Côté jardin : l’atelier d’un peintre à Paris ; côté cour : une chambre d’hôtel à New York. Ici, Evelyn s’enquiert d’un frère qu’elle ne connaissait pas. Là, Alain étale ses toiles avec placidité. Sur ces deux espaces s’agence un puzzle narratif qui traverse le siècle dernier.
Elia généalogie d’un faussaire conjugue les espaces et les temporalités dans une dextérité digne des meilleurs feuilletonistes. Les secrets de familles surgissent des abîmes de l’Histoire. Comment un orphelin pilleur de tronc devient-il un falsificateur de haut-vol ? Les épreuves, les non-dits, les absences tracent les destins, façonnent les personnalités.
Écrit et interprété dans le rôle d’Elia, par Jean-Loup Horwitz, le texte agrémente le romanesque d’une approche rigoureuse de l’Histoire de l’art et des dommages collatéraux (parfois machiavéliques, voire pittoresques), liés aux barbaries et spoliations commises par les nazis.
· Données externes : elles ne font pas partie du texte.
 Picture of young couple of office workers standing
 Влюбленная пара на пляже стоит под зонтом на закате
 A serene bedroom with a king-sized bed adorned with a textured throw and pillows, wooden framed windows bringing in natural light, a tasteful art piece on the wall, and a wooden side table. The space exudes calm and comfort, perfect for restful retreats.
Fils du peintre-réalisateur Charles Matton (1931-2008), auteur de L’italien et les roses (1972), film lui aussi construit en flash-backs, Léonard Matton préserve la lisibilité de la polyphonie. Son approche bénéficie des lumières de Dan Azzopardi et la prestation des interprètes, dont Gabrielle Lazure (La Belle Captive filmée en 1983 par le malicieux Alain Robbe-Grillet) et Magali Bros, aérienne émule du transformiste Leopoldo Fregoli.
Dire l’indicible est une affaire impossible.
Les chagrins sont tenaces et les dénis vivaces. Mais la révélation finit un jour par trouver sa voie. Tel est l’aboutissement de ces chemins de vie, tracés avec esprit et solidement documentés. Sans contrefaçon, cette généalogie d’un faussaire suscite une réelle émotion et se suit avec un vrai intérêt.
Elia généalogie d’un faussaire : 15H35 du 5 au 26 juillet, relâche le mardi. Théâtre du Petit chien.